Facebook Building a Feature to Let You Clear Your History
In the wake of the Cambridge Analytica scandal, Facebook today announced plans to build a feature that will let you clear your history.
The upcoming Clear History feature will let you see all the websites and apps that are sending Facebook information about you, delete that data from your account, and disable the social network's ability to store it associated with your account in the future. Facebook plans to work with privacy advocates, academics and lawmakers when building this new feature, which should take "a few months" to arrive.
"Apps and websites that use features such as the Like button or Facebook Analytics send us information to make their content and ads better," Facebook Vice President and Chief Privacy Officer Erin Egan explained in a blog post. "We also use this information to make your experience on Facebook better."
If you clear your history, Facebook will remove personally identifying information, so a record of the websites and apps you've used will no longer be associated with your account.

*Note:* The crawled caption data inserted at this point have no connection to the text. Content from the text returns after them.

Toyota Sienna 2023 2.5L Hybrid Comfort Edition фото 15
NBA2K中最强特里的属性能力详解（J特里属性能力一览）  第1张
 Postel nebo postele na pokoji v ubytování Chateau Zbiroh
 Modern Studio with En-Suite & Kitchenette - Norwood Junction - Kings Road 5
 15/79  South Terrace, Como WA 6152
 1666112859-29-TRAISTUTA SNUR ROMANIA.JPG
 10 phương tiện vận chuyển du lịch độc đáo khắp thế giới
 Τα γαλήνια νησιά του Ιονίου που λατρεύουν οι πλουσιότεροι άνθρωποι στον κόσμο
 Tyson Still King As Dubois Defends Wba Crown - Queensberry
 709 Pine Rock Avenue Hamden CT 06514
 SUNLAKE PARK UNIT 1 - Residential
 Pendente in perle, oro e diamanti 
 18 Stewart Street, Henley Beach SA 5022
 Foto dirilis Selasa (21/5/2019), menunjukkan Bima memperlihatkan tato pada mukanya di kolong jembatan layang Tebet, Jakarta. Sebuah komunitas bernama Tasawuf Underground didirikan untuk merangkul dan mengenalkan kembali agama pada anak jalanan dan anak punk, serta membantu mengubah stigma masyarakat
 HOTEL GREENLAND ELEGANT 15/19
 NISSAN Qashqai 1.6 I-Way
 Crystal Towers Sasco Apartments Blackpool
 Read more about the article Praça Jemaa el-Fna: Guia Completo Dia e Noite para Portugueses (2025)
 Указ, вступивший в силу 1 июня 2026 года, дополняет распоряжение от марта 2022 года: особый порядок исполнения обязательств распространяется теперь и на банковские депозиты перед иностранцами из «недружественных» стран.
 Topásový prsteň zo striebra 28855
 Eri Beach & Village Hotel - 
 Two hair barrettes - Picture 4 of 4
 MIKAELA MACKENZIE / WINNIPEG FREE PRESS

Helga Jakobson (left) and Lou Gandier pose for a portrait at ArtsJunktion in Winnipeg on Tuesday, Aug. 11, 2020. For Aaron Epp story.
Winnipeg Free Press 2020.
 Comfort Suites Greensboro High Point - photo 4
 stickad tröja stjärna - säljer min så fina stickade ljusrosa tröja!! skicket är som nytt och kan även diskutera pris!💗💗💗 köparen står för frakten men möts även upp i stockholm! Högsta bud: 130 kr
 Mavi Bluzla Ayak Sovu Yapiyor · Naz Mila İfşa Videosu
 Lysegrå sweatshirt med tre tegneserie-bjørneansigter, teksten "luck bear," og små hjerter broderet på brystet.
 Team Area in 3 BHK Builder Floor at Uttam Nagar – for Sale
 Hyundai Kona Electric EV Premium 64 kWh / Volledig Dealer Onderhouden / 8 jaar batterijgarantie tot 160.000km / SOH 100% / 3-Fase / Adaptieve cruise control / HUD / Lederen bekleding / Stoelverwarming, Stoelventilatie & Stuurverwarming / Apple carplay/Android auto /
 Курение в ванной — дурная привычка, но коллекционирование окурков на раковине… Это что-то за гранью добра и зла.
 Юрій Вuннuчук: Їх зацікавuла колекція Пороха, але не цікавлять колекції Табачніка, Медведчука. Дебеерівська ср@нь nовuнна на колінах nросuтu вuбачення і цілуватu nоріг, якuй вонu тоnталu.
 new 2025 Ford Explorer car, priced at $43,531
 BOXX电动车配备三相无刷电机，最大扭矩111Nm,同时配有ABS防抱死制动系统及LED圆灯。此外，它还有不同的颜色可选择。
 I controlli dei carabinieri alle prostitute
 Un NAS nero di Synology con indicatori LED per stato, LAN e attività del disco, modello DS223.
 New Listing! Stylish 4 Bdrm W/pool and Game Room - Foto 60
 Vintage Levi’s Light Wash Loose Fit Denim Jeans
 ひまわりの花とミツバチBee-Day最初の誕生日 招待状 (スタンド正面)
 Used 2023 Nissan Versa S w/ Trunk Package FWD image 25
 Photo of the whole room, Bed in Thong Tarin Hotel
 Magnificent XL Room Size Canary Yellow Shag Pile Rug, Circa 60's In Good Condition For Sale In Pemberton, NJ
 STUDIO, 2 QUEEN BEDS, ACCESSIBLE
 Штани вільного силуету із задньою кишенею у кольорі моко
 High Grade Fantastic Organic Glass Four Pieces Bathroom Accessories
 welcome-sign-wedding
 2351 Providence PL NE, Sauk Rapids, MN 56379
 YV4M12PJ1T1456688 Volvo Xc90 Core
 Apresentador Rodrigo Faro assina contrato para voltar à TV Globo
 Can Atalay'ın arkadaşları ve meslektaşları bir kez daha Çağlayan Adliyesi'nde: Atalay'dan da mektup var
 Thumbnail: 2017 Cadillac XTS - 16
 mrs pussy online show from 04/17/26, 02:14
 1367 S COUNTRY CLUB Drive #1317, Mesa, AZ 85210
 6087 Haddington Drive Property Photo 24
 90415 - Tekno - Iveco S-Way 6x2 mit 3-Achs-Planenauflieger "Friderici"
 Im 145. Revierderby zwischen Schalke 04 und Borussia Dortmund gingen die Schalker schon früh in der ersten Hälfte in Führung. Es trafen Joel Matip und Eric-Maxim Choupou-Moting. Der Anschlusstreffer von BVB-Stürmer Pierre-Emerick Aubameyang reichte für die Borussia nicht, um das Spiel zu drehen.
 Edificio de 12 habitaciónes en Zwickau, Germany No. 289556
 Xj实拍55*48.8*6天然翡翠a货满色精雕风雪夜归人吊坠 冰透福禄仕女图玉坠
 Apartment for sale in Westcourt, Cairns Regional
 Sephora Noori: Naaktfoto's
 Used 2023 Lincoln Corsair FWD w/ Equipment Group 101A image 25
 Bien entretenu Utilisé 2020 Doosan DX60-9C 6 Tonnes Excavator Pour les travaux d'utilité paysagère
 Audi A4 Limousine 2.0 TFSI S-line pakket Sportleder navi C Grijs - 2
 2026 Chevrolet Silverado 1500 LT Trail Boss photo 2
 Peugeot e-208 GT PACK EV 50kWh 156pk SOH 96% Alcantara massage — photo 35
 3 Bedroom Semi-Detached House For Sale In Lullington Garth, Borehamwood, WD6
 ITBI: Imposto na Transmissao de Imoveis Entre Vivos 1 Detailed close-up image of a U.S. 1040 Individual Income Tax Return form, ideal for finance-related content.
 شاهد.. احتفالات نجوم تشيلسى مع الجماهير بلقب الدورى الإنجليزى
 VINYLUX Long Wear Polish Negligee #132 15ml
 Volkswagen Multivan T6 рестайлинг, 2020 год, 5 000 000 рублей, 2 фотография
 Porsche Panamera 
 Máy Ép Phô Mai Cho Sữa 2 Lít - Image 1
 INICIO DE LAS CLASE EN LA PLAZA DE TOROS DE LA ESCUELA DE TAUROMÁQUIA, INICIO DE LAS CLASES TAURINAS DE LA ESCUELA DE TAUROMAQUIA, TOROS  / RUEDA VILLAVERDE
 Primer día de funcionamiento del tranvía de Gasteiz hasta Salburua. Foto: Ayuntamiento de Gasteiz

Meanwhile, the British Parliament on Tuesday sent a letter to Facebook, once again, asking CEO Mark Zuckerberg to testify as part of its probe into fake news and disinformation on the platform, and they are not playing around this time.
In the letter, Damian Collins, Chairman of the Digital, Culture, Media and Sport Committee, said Zuckerberg can either go there voluntarily by May 24, or officials will issue a summons.
I have today written to @facebook requesting that Mark Zuckerberg appears in front of @CommonsCMS as part of our inquiry into fake news and disinformation. Read it here: https://t.co/jXZ5TjiZld pic.twitter.com/m0NU5Uyf2L— Damian Collins (@DamianCollins) May 1, 2018
"While Mr Zuckerberg does not normally come under the jurisdiction of the U.K. Parliament, he will do so the next time he enters the country," the letter reads. "We hope that he will respond positively to our request, but if not the Committee will resolve to issue a formal summons for him to appear when he is next in the U.K."
Collins went on to say that Facebook Chief Technology Officer Mike Schroepfer, who appeared before the committee yesterday in place of Zuckerberg, "failed to answer fully on nearly 40 separate points" but promised to follow up with the answers. The committee gave Facebook until May 11 to provide those answers and respond as to whether Zuckerberg plans to testify.
Zuckerberg testified before U.S. House and Senate committees last month.